ハイパーブリッジで約4億円相当の不正流出、初期報告から被害額が約10倍に拡大

補償計画も発表

クロスチェーンブリッジプロトコルのハイパーブリッジ（Hyperbridge）は16日、4月13日に発生したトークンゲートウェイ（Token Gateway）へのハッキング被害額を、当初の約23万7,000ドル（約3,770万円）から約250万ドル（約4億円）へと上方修正した。 被害は当初イーサリアム（ETH）上のみとみられていたが、その後の調査でマルチチェーンへの拡大が判明した。

攻撃者はハイパーブリッジの証明検証コントラクトに存在した入力バリデーションの欠落を悪用し、4月13日午前3時55分（UTC）に単一のアトミックトランザクションで10億枚の裏付けなきDOTトークンをイーサリアム上でミントし、約245ETHを引き出した。

今回の被害額修正は、当初の計算に含まれていなかったイーサリアム・Base・BNBチェーン・アービトラム上のインセンティブプールの損失を反映したもので、攻撃は二段階に分けて実行されたとチームは説明している。

ハイパーブリッジは盗まれた資金の大部分をオンチェーン上で追跡し、バイナンスへの送金を確認した。現在、バイナンスのコンプライアンス部門および法執行機関と協力して回収作業を進めているが、同種の事案では資産回収に数か月から最長1年程度かかる見通しも示している。

回収が不十分に終わった場合に備え、ハイパーブリッジはネイティブトークンのBRIDGEを用いた残余損失の補填を約束しており、エクスプロイト発生から1年後の2027年4月13日を目処に補償の構造的な配布を実施する計画だ。

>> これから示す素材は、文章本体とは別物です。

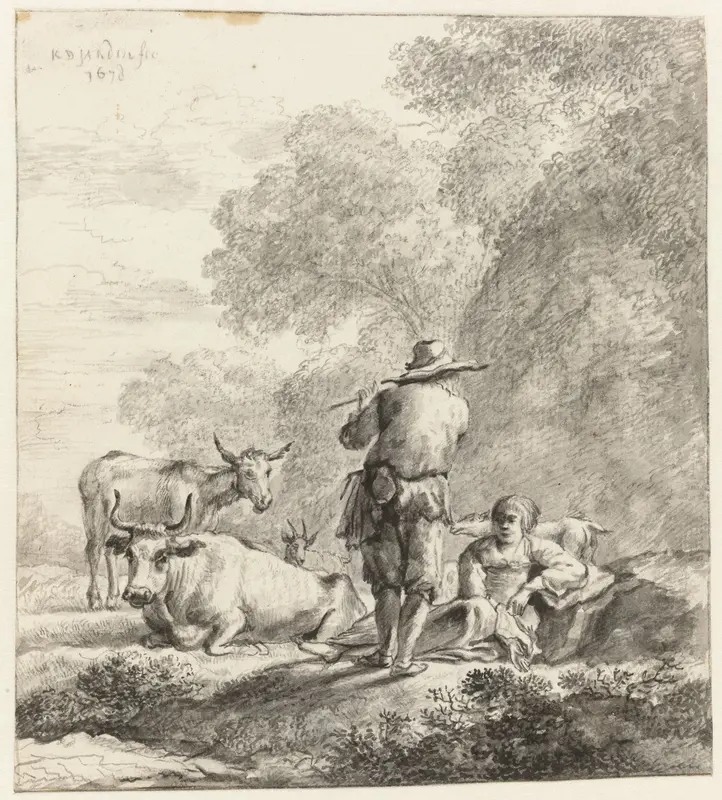 De fluitspelende herder Wall Art by anonymous - High-Resolution Digital Print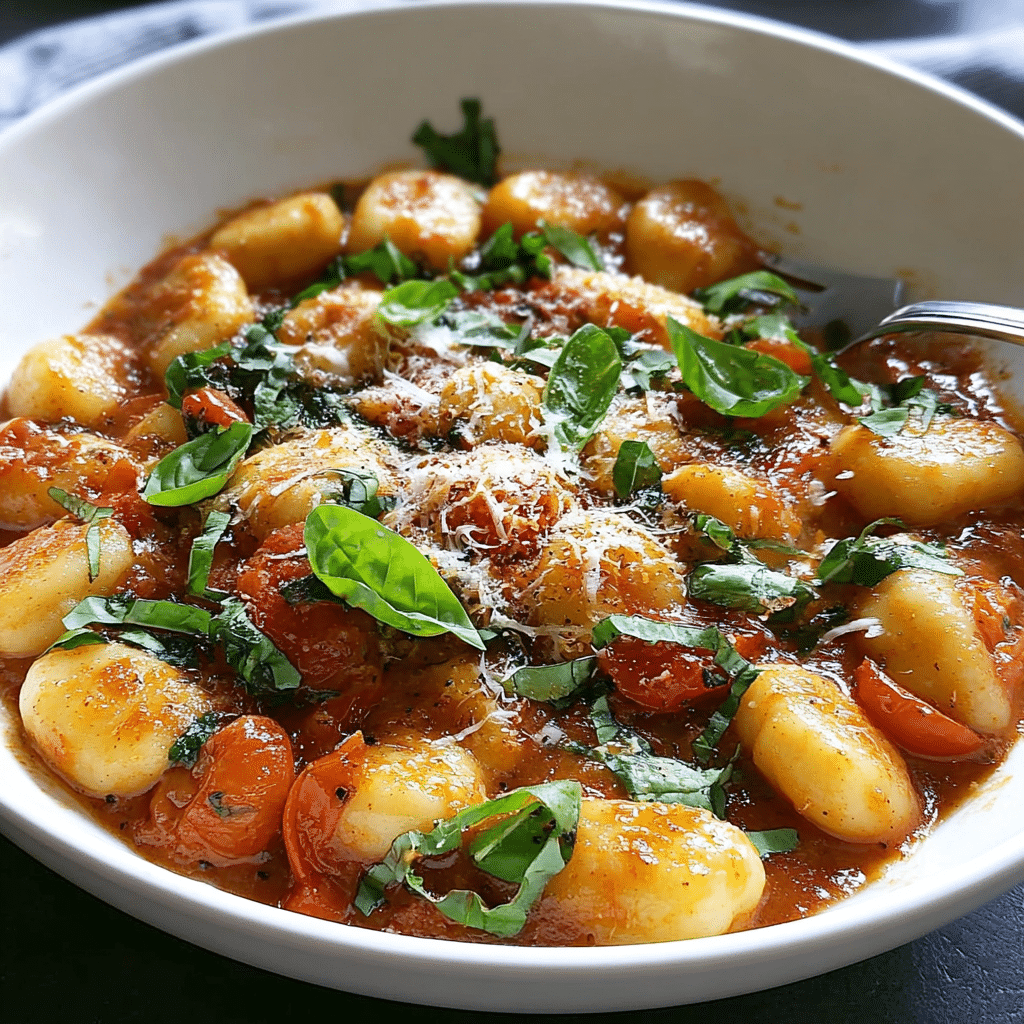 tomato basil gnocchi food photograph 3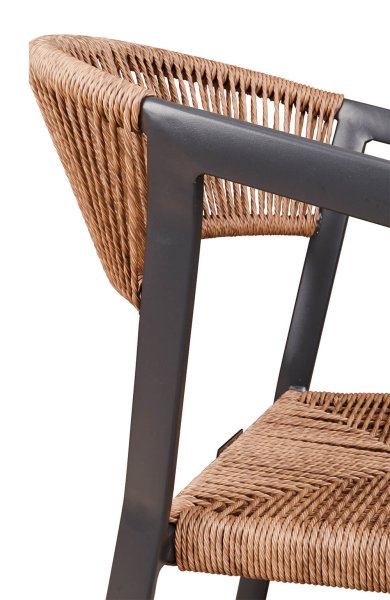 Detailansicht des Sponto-X Natur mit naturfarbenem Kunststoffgeflecht und anthrazitfarbenem Gestell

またエンジニアチームは今回の悪用を招いた検証ロジックを対象としたパッチの最終調整を進めており、同種の脆弱性クラス全体に対処する修正を設計中だとしている。

クロスチェーンブリッジは、送金先チェーン上のトークンコントラクトに対して管理者レベルの権限を保持する構造上、単一の検証ミスが無制限のトークン発行を可能にするリスクを抱えており、業界における最も脆弱な構成要素として繰り返し問題視されてきた。

ハイパーブリッジはマルチシグを排したプルーフベースの設計を掲げていただけに、今回の事案はプロトコル実装レベルの検証体制を改めて問い直す契機となっている。